Afterward, Beatus settled into the snug, dry cave to preach Christianity until he died at age 90. His grave at the cave’s mouth became a popular destination for pilgrims following the Way of St James.

There was once a chapel and a pilgrim hostel near the cave entrance, but these were destroyed during the Reformation.

Digging deeper

Centuries later, nature enthusiasts began exploring the cave system further. In their current state, the caves reflect the efforts of independent explorers in the 1800s and the committee charged with creating a tourist attraction in 1904.

Their work paid off; today, some 65,000 people per year visit the Saint Beatus Caves, which are open from April to October. What awaits them is a kilometre-long trail that passes through a stunning chain of grottoes revealing stalactites and stalagmites, waterfalls and small ponds.

Bats live in the vicinity, but not within the caves. However, some of the larger rock formations resemble animals such as a giant tortoise and a sleeping bear.

“If you have fantasy you can see animals everywhere. When the children walk at the front of a tour group, they can see a lot of things that we adults don’t see,” says Schwaller, who has been leading cave tours for nearly two decades.
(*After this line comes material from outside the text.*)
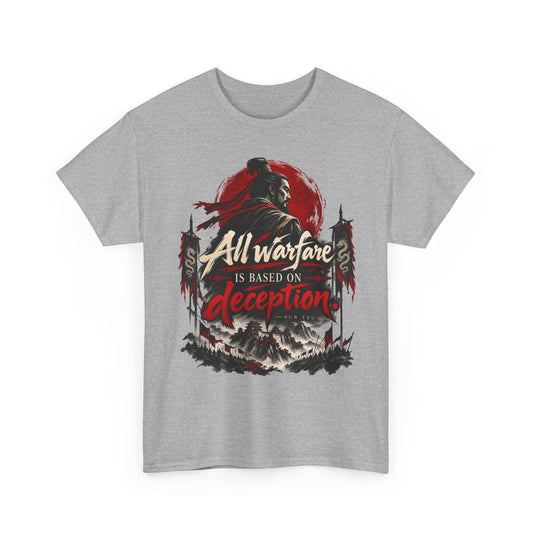 Sun Tzu Art of War Graphic T-Shirt - All Warfare Is Based on Deception Samurai Shirt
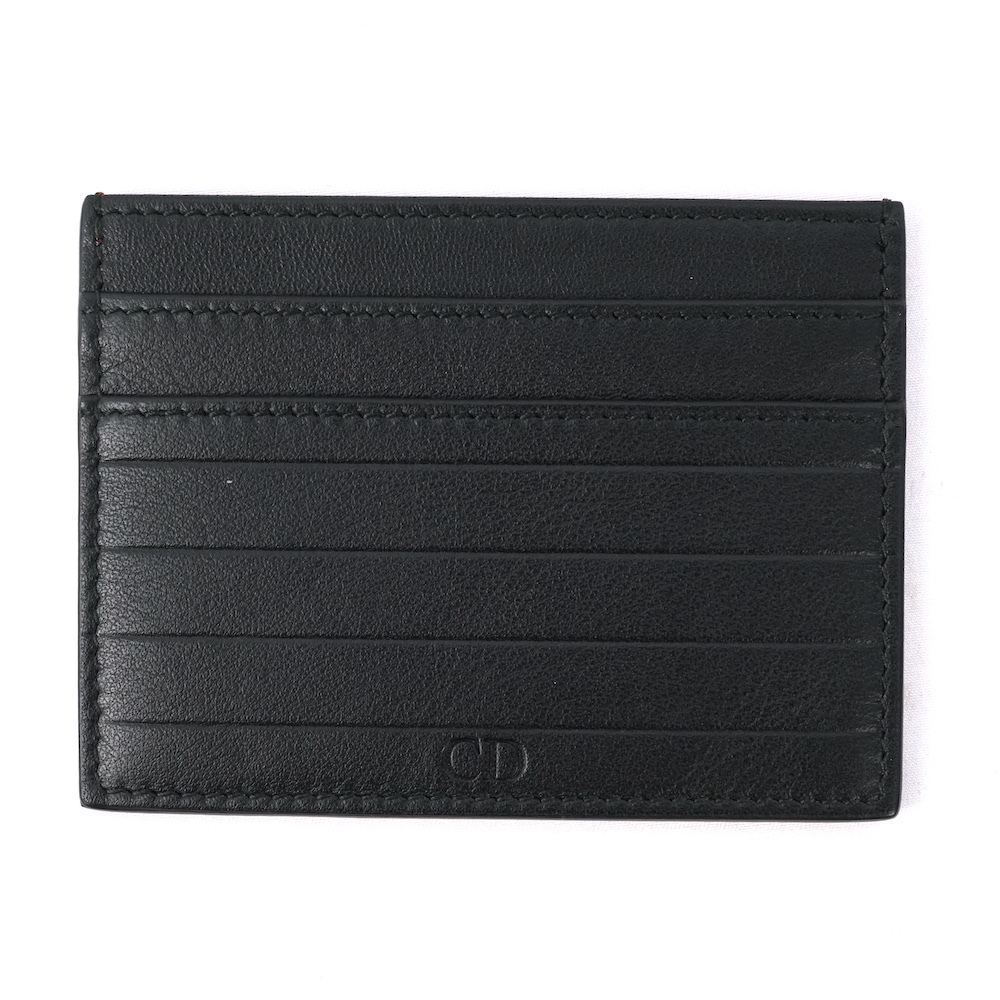 DIOR HOMME ディオールオム レザー ツートーン カードケース ボーダーデザイン ブラック レッド ４枚ポケット 10‐BO-0127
Electricity provides enough light and there are manmade footpaths and stairs. Still, visitors need a certain level of surefootedness as the surfaces can be wet and slippery.

Underground lake

Canton Valais is home to the world’s largest natural underground lake. Located near Sion, Lac Souterrain de St-Léonard has a surface area of about 6,000 square metres.

Rather than exploring the cave on foot, visitors experience it by boat. Rowing guides ferry guests for 30-minute tours of the lake, which is ten metres deep. The ethereal atmosphere is enhanced by the lanterns and the reflections on the lake’s surface.

Discovered in 1943, the underground lake was opened to the public six years later. In honour of its 60th anniversary, visitors born in 1949 get free admission this year.

Hell’s grottoes

Those who’d prefer to take a self-guided tour can go to hell – “Hell’s Grottoes”, that is. Just off the Zurich-Lucerne axis, the Höllgrotten lie in a hidden valley in Baar.

The first cave was discovered in 1863 as builders sought stone material for the train line between Zug and Zurich. Other sections were unearthed in 1892 and 1902.

Divided into two separate systems, these caves feature some attractive stalactites and stalagmites.

One section, called the “magic castle”, has rock formations that resemble organ pipes. If tapped gently with a knuckle, they even reverberate like musical instruments.

Adventure tours

Those with more time (and guts) can embark upon tours lasting anywhere from a few hours to a couple of days. These types of expeditions are led by professional guides and require special equipment like headlamps, helmets, rubber boots and perhaps waterproof overalls.

“Caving tours make your head free, because you concentrate on your steps, your moves and on the cave itself. Staying in a cave for two days boosts those feelings and makes the experience more intense,” says Gery Aeschlimann of Trekking Team AG, a company that organizes tours of the Hölloch (Hell-hole) cave in canton Schwyz.

Meanwhile, a long journey into the bowels of the earth might have some wondering about sanitary facilities.

“Before we start a tour, we tell our guests to go to the bathroom first. In the cave the possibilities are not so good anymore. But in the bivouac, where we have our two-day tours, we do have a toilet,” says Aeschlimann.

Asked about safety, Aeschlimann compares caving to biking or jogging. In the 20 years the Trekking Team has been organising tours, they have never had an accident.

Wherever one chooses to go, one thing is certain, according to Aeschlimann: “Tours in caves are always experiences you never will forget.”

Susan Vogel-Misicka,

Often found in limestone caves, these are formed as water drips from the ceiling and down walls.

The average growth rate is a mere 0.13mm per year.

Inside the Saint Beatus Caves, the “Koh-i-noor” stalagmite is an estimated 40,000 years old.

There are many caves that are open to the public, while others are open to researchers only.

Even if it’s 30°C outside, the temperature inside a cave will be cool and the ground may be slippery. Closed, rubber-soled shoes are a must.

Some caves drip water, so a waterproof jacket is a good idea.